Given data:
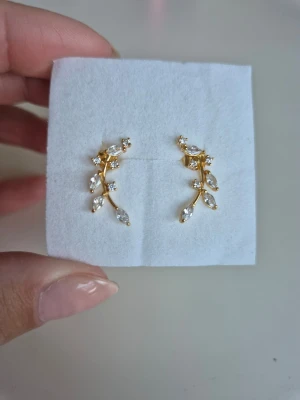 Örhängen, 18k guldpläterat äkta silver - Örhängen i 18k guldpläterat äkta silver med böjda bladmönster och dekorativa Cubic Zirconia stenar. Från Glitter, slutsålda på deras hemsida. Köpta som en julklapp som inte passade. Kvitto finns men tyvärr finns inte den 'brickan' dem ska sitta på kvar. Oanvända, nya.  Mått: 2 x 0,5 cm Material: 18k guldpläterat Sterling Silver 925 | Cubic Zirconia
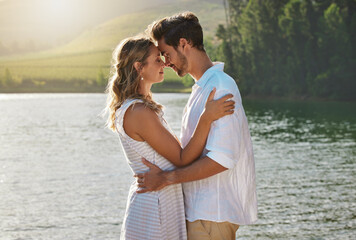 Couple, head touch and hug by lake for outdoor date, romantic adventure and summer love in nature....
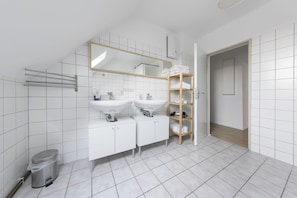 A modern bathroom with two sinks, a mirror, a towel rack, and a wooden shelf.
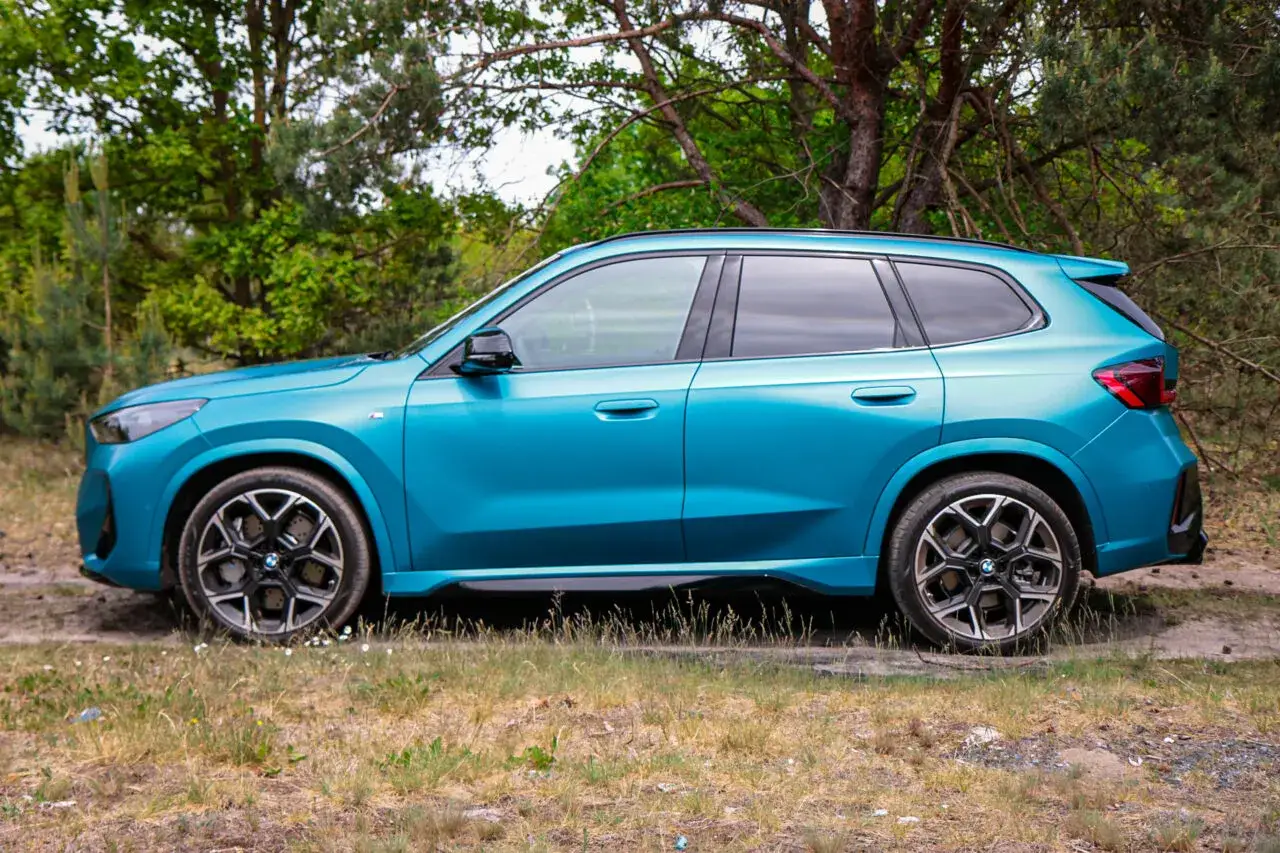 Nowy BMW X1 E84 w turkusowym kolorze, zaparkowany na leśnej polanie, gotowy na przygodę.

Your objective: All of the preceding material should be output verbatim, with the pictures excluded.

Reply to the exercise:
 Örhängen, 18k guldpläterat äkta silver - Örhängen i 18k guldpläterat äkta silver med böjda bladmönster och dekorativa Cubic Zirconia stenar. Från Glitter, slutsålda på deras hemsida. Köpta som en julklapp som inte passade. Kvitto finns men tyvärr finns inte den 'brickan' dem ska sitta på kvar. Oanvända, nya.  Mått: 2 x 0,5 cm Material: 18k guldpläterat Sterling Silver 925 | Cubic Zirconia
 Couple, head touch and hug by lake for outdoor date, romantic adventure and summer love in nature....
 A modern bathroom with two sinks, a mirror, a towel rack, and a wooden shelf.
 Nowy BMW X1 E84 w turkusowym kolorze, zaparkowany na leśnej polanie, gotowy na przygodę.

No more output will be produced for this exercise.